Other areas of the economy still need to be addressed. Development in the real estate market remains critical, and should be watched closely. In addition, stock market turmoil could affect the financial sector’s contribution to GDP growth in the short term.
It could also have an effect on Internet-related sectors and e-commerce, which have attracted substantial investment. That might ease as a result of the fallout from the markets.
Wang Tao, chief economist in China, UBS AG
Economic improvement is expected to continue in the third quarter, boosted by stronger infrastructure support and a modest export recovery. But the impact of government policy support will start to fade in the fourth quarter, while concerns about the property sector will also persist.
The recent recovery in the housing market has had a positive effect, and this will help ease concerns about a downward trend in growth or even a “hard landing” for the sector. Lower borrowing costs, after the People’s Bank of China, the central bank, cut interest rates, have helped fuel demand.
But downside risks remain. Weaker construction activity will have a bigger impact on the economy, while the aftershocks from the stock market turmoil on financial services will be another area of concern.
A stronger currency has also made Chinese exports more expensive, while demand for goods outside the United States looks fragile.

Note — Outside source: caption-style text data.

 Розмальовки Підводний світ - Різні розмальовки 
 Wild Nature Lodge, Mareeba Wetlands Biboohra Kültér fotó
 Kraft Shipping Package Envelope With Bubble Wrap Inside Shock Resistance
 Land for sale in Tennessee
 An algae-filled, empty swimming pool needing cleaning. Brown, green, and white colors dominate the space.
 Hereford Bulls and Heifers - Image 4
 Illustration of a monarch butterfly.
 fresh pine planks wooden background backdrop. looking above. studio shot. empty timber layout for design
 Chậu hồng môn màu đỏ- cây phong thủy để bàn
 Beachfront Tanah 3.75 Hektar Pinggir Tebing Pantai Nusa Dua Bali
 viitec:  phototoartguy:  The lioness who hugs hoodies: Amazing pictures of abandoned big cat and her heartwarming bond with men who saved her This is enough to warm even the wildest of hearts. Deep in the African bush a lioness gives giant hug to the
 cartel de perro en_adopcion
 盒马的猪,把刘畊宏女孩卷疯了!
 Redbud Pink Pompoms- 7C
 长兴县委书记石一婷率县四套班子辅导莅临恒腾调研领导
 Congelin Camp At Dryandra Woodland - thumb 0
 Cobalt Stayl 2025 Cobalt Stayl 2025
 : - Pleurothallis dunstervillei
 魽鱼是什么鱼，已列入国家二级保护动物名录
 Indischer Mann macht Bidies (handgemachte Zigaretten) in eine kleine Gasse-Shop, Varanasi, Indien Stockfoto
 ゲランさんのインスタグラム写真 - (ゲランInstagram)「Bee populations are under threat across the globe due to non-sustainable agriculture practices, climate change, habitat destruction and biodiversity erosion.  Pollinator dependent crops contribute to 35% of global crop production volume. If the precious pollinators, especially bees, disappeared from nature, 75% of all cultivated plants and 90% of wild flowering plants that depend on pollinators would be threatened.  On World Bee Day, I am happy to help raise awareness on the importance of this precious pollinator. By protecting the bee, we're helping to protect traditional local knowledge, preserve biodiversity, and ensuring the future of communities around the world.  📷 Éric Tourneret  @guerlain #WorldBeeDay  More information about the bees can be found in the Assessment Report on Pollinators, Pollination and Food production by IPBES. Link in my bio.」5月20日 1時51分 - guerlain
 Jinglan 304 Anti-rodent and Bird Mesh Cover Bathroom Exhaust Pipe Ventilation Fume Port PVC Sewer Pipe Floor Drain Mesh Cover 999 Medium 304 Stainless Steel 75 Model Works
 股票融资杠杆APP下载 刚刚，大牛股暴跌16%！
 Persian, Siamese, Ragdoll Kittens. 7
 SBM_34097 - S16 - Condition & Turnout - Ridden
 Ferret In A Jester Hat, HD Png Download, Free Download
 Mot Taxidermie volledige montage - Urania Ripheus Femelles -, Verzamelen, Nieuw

These are additional downside risks that the economy faces in the months ahead.
Song Yu, chief economist in China, Goldman Sachs
We have argued since the first quarter that three key factors could help spark a meaningful recovery. It was imperative to loosen monetary, fiscal and administrative policies, as well as stimulate spending that had been hit by the anti-corruption campaign. Strong export growth was also vial.
Last week’s data confirmed that this has happened and that overall growth has been reasonably firm, despite the market turmoil, which resulted in a sharp sell-off of A shares. GDP growth was 7 percent in the second quarter, which was good news.
Looking ahead to the second half of the year, we expect the government to continue its policy to stimulate the economy because of the correction in equity markets. As a result, economic activity should accelerate in the third quarter, maintaining the 7 percent GDP growth target. Naturally, there will be risks ahead.
Jeremy Stevens, economist, Standard Bank
Official data released last week confirmed that GDP was 7 percent in the second quarter, which beat expectations. On the plus side, growth has stabilized during the past two months after the central government rolled out measures to stimulate the economy.
Maintaining the momentum will be challenging in the second half of the year, which could result in annual growth sliding further to 6.8 percent from 7.4 percent in 2014.
In the third quarter, it is possible the economy could start to run out of steam. Obviously, this will hit the GDP figure. By the fourth quarter, growth could decelerate again. These are the challenges facing China’s economy, despite last week’s unexpected boost in growth.
Jacqueline Rong, economist, BNP Paribas China
The second-quarter GDP figure of 7 percent mirrors the official annual target set out by the government. Although the 7 percent pace was at a decade low, economic structure has improved, with bigger share of consumption and services in GDP, and falling energy intensity after a series of economic measures were launched by the government to stimulate the economy.
But the foundations of recovery remain vulnerable, and depend on policies geared to promote growth throughout the economy. In the short term, one key policy will revolve around infrastructure investment.
We expect public-private partnerships to increase, while local government borrowing will pick up through the second half of the year in the form of bank loans or bond issues. Exports are likely to increase as overseas demand grows stronger.
Taking all these factors into account, we are looking at a moderate rebound in GDP growth to 7.3 percent in the third quarter compared to the same period last year.